March 15 (Bloomberg) -- A U.S. military drone operating over international waters in the Persian Gulf was pursued by an Iranian military aircraft on March 12, according to the Pentagon.
The MQ-1 Predator drone, which was accompanied by two manned U.S. military airplanes, was conducting a classified surveillance flight in international airspace when it was approached by an Iranian F-4 jet that came within 16 miles (26 kilometers) of the unmanned plane, Pentagon spokesman George Little said yesterday in an e-mailed statement. After a “verbal warning” from the U.S., the Iranian plane broke off, according to the statement.
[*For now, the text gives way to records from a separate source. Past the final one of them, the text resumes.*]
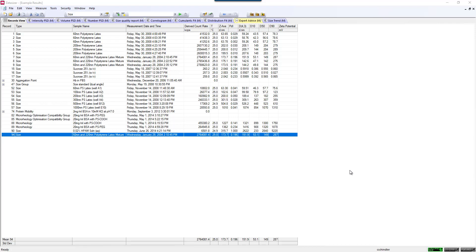This is a video showing how to export data in the Zetasizer Nano Series software. There are many ways in the software that you can get data out, whether it's just to create a table, or you want to replot some data, or you're making lots of measurements and you want them to automatically export as you make the measurement.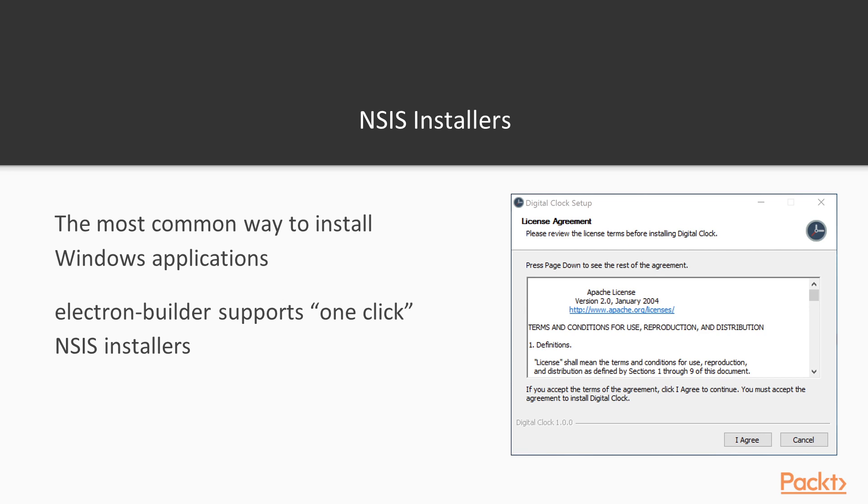NCS installers are probably the most common way to distribute Windows applications, and you've probably encountered them dozens of times. They usually start with a license agreement section, like you can see in this slide, and then you click next a couple of times to install the app.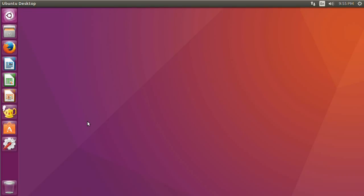Hey, what's up guys? It's Ben here, and welcome back to a hands-on introduction to computer programming. This is episode 1.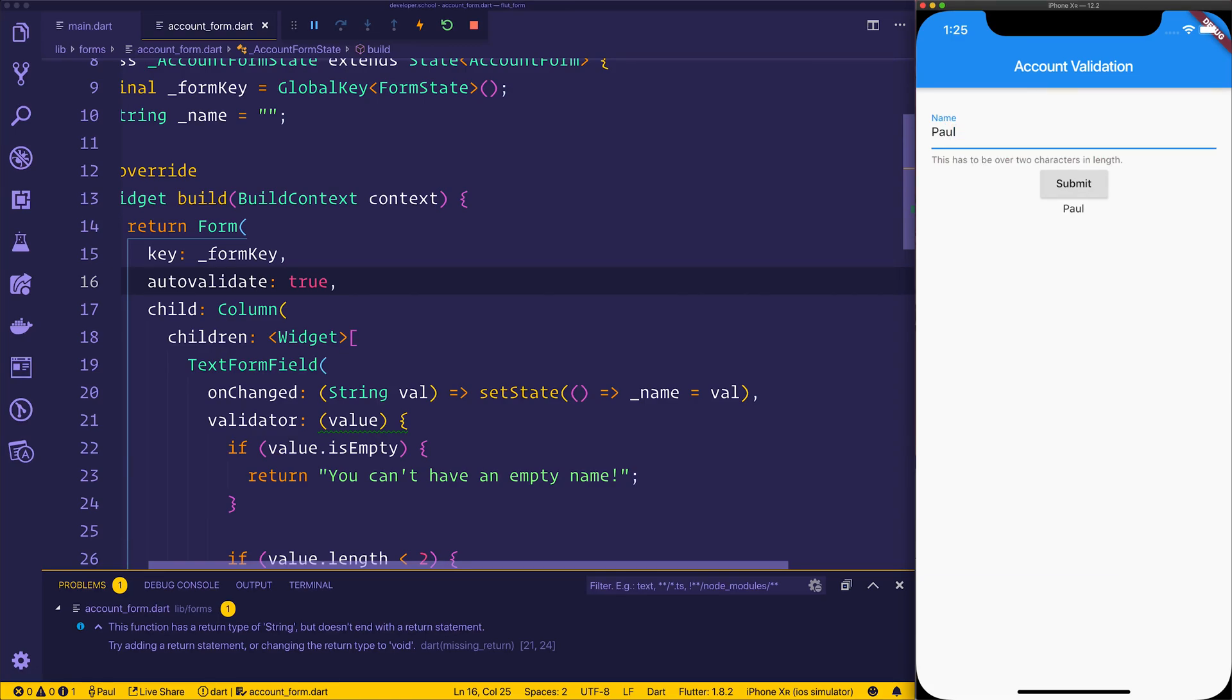So here's a few basic ways in which you can start to validate your forms within Flutter. I hope you found it useful. If you have, let me know inside of the comments section below. Hit that subscribe button to stay updated with more Flutter videos. And of course, I'd like to see you in the comments. Bye.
The incident is the latest in episodes going back to December 2011, when Iran said it captured a stealthy U.S. drone. In November 2012, the Pentagon said Iranian aircraft had fired on an unarmed Predator drone that was conducting routine surveillance over international waters.
After the incident in November, “the United States communicated to the Iranians that we will continue to conduct surveillance flights over international waters consistent with long-standing practice and our commitment to the security of the region,” Little said in the statement. “We also communicated that we reserve the right to protect our military assets as well as our forces and will continue to do so going forward.”
The latest incident was reported earlier yesterday by CNN.
International tensions over the Persian Gulf have increased as the U.S. and allies have tightened economic sanctions aimed at forcing Iran to abandon elements of its nuclear program they say could be used to develop an atomic bomb. Last year, Iranian officials periodically threatened to close the Strait of Hormuz, which leads into the gulf and through which about 20 percent of the world’s oil transits.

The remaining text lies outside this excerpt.